The "offending" DTD file can be found here:

http://hg.mozilla.org/mozilla-central/file/13fe5ad0364d/browser/locales/en-US/chrome/overrides/netError.dtd

and the entire source code of the program lives here:

https://kenai.com/projects/moztrans/sources

My "SCCE" contains four files (simplified versions of those in the above repository), I could upload them somewhere if needed.

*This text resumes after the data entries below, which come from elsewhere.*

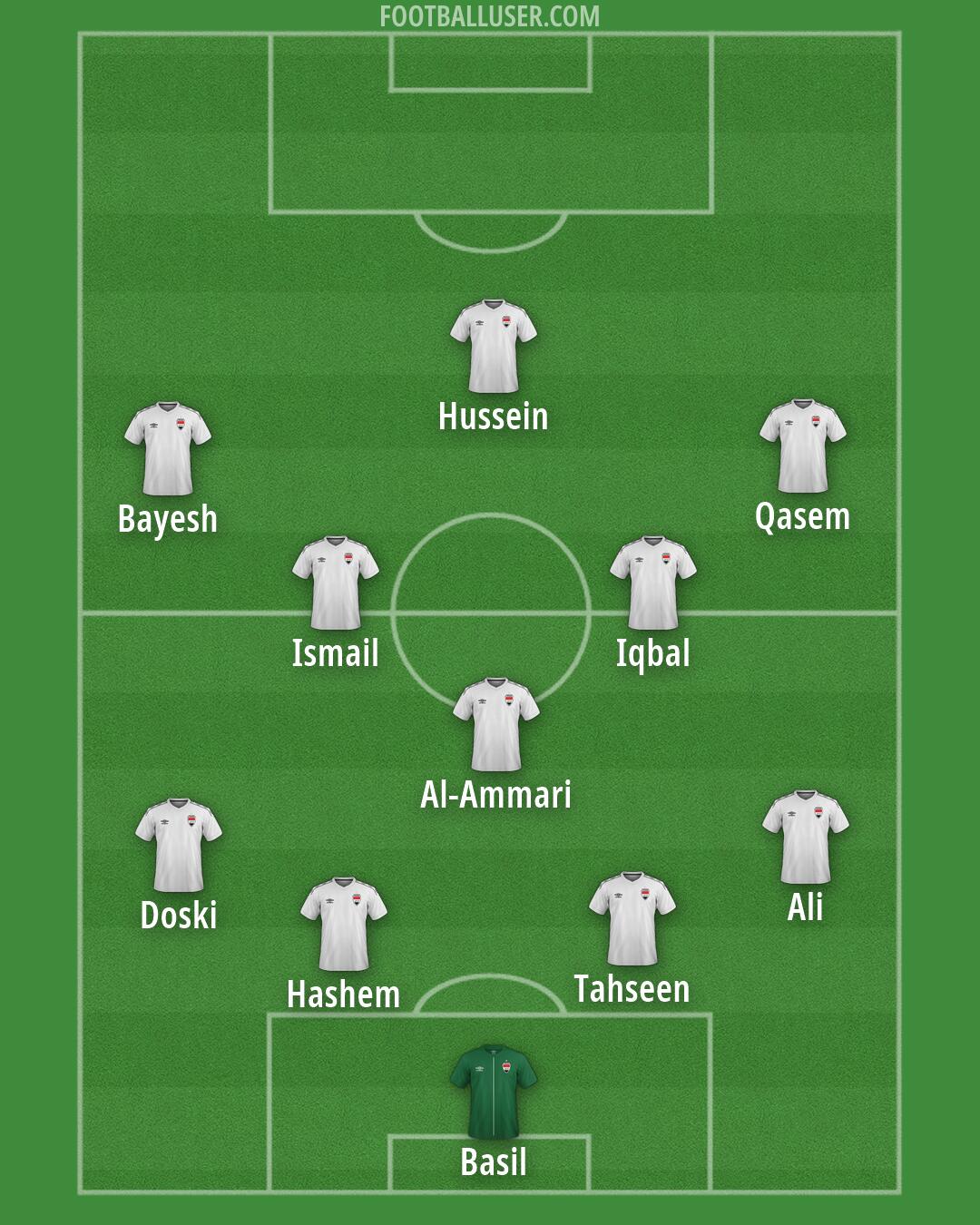 Iraq Formation 2026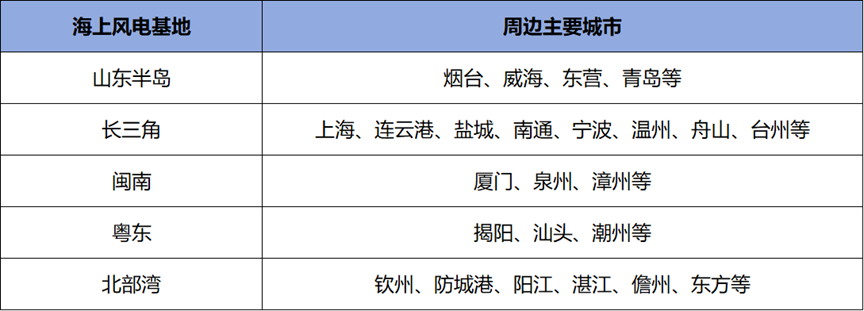 米乐智能科技：OFweek环保网(图5)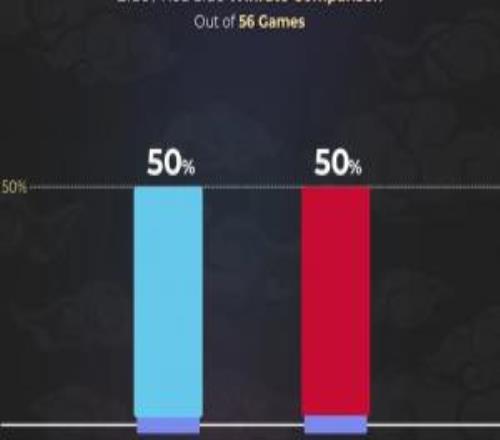 外媒统计世界赛红蓝方胜率:56场比赛中红蓝方胜率均为50%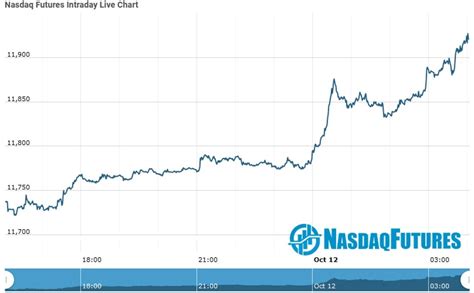 Nasdaq Futures | Nasdaq Futures Opening Update as on 12 Oct 2020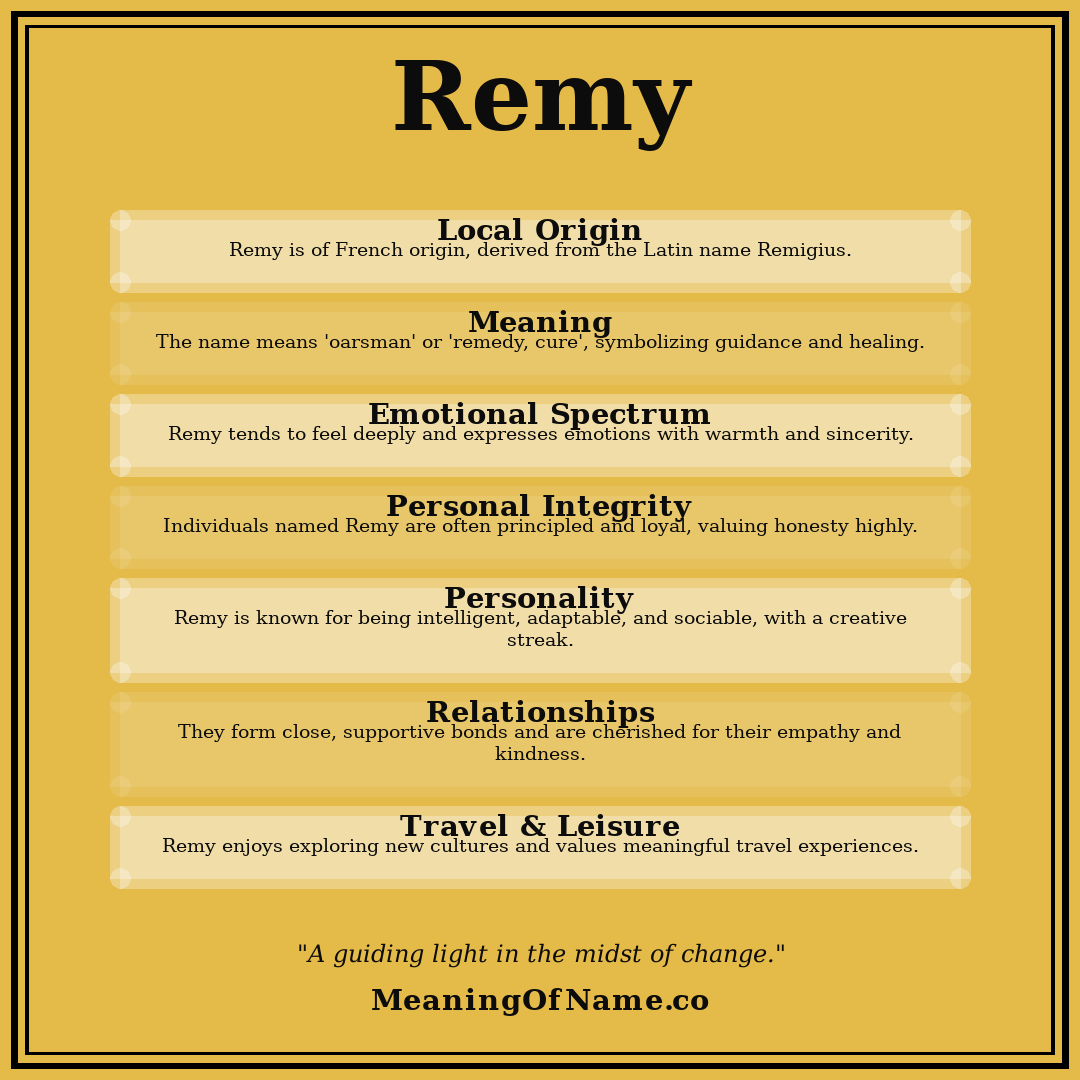 Remy name meaning poster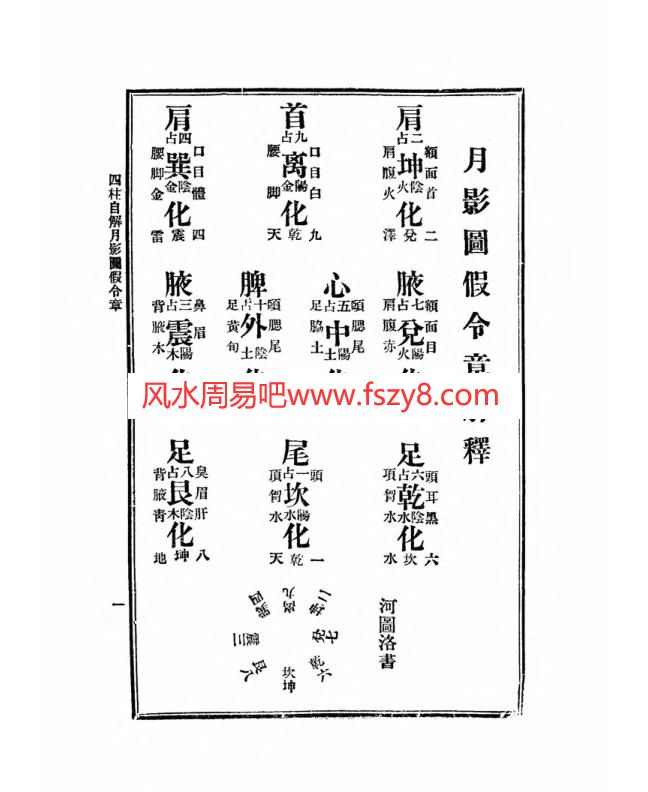 月影图命例资料下载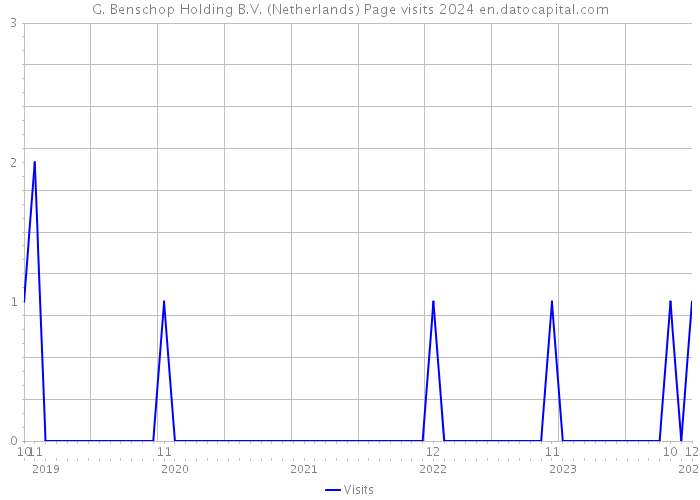 G. Benschop Holding B.V. (Netherlands) Page visits 2024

The question, after all these details, is: is there any way to get SAX to avoid trying to resolve the PE references?

TIA

1

There are 1 best solutions below

0
On

I finally found the solution (if you look at the repository, you will notice I forgot to update this question, as I committed the fix some months ago). :-) The solution lies in these code:

// private static final String brandDummyDtd = "<!ENTITY brandDTD \"\">";
private static final String brandDummyDtd = "";
(...)
@Override
public InputSource resolveEntity(java.lang.String name, java.lang.String publicId,
        java.lang.String baseURI, java.lang.String systemId) {

    if (name == null) {
        switch (systemId) {
            // Trick to get a SAX XML Parser to parse a DTD
            case "MozillaTranslator":
                return new InputSource(is);

            // Trick to resolve references to brand.dtd without
            // actually having to resolve, load and parse
            // the chrome: URI
            case "chrome://branding/locale/brand.dtd":
            default:
                return new InputSource(new ByteArrayInputStream(brandDummyDtd.getBytes()));
        }
    } else {
        return new InputSource(new StringReader(""));
    }
}

The solution is to return an empty InputSource (brandDummyDtd property, defined as private static final at the top). I've included the commented version with the entity that triggers the resolveEntity method to explain that using such solution does not work. If I remember correctly, doing so would fail if the DTD parsed contains an actual brandDTD entity.